Da qualche anno sono arrivate anche in Italia le catene di centri dentistici. Tutte hanno in comune tariffe più basse del 20% circa rispetto allo studio privato. Il dentista che vi opera lavora da libero professionista con Partita IVA e potrà arrivare a guadagnare circa 4.000 euro al mese. Si tratta di guadagni molto simili a quelli di altri professionisti in campo medico. Sono tuttavia guadagni lordi, dai quali bisognerà poi ovviamente considerare le tasse che bisognerà pagare in quanto libero professionista. 

Studio odontoiatrico privato 

Aprendo uno studio dentistico privato i guadagni possono essere estremamente più elevato. Per quantificare la cosa in termini monetari, il guadagno lordo può arrivare facilmente a 150 mila euro all’anno

I costi connessi all’apertura di uno studio dentistico sono abbastanza ingenti rispetto ad altri tipi di attività.  

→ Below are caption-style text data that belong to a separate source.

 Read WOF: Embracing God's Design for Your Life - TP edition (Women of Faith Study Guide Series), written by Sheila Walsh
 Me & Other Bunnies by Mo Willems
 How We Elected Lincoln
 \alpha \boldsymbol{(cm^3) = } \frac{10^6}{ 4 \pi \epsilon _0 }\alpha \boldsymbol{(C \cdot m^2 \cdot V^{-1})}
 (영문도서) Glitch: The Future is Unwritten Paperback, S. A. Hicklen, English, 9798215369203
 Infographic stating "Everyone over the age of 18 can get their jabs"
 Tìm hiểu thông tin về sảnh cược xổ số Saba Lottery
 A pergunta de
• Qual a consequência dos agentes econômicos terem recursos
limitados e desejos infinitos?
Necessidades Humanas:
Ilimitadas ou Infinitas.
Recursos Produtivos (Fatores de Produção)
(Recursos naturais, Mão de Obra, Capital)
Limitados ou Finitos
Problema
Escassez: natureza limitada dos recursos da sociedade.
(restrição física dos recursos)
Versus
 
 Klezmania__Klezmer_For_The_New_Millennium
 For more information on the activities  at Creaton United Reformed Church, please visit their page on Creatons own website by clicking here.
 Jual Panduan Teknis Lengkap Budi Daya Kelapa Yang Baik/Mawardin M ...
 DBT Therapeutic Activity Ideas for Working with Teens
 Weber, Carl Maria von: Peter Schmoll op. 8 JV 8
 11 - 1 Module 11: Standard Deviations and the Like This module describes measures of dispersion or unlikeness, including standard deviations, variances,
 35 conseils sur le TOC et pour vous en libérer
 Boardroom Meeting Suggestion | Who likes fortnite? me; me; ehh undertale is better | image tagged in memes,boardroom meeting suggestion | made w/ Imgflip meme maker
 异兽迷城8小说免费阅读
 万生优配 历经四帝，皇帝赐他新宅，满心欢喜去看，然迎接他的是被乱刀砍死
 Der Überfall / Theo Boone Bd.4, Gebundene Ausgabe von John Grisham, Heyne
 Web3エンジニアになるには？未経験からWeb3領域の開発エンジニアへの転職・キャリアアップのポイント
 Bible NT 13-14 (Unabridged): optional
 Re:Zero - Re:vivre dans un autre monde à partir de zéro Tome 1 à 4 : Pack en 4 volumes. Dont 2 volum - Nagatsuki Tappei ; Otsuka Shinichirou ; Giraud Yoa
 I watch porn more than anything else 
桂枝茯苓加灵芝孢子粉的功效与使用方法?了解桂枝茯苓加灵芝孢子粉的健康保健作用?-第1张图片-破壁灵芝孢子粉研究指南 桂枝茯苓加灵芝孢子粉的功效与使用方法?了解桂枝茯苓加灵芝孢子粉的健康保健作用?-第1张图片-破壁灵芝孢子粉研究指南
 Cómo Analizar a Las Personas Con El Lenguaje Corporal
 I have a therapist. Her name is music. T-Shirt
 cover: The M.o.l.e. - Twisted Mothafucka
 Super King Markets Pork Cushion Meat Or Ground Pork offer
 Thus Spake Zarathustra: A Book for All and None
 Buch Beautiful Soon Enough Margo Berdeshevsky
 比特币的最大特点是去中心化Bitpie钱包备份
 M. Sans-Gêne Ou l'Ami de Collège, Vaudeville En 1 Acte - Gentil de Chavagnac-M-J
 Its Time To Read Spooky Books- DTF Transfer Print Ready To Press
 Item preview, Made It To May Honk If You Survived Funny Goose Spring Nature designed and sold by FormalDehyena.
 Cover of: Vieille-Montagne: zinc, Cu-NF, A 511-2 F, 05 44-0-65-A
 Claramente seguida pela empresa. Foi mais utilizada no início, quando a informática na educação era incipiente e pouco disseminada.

  • Affitto e adeguamento strutturale del locale. 
  • Acquisto delle attrezzature, del materiale da lavoro e degli arredi. 
  • Acquisto dei software per la gestione delle anagrafiche dei clienti, dell’inventario e della contabilità. 
  • Assunzione e formazione del personale. 

In media si calcola che per uno studio di piccole o medie dimensioni con solo 3 dipendenti (igienista, assistente alla poltrona e un addetto alla sala d’aspetto) e locale in affitto occorra una dotazione iniziale di almeno 100/130 mila euro.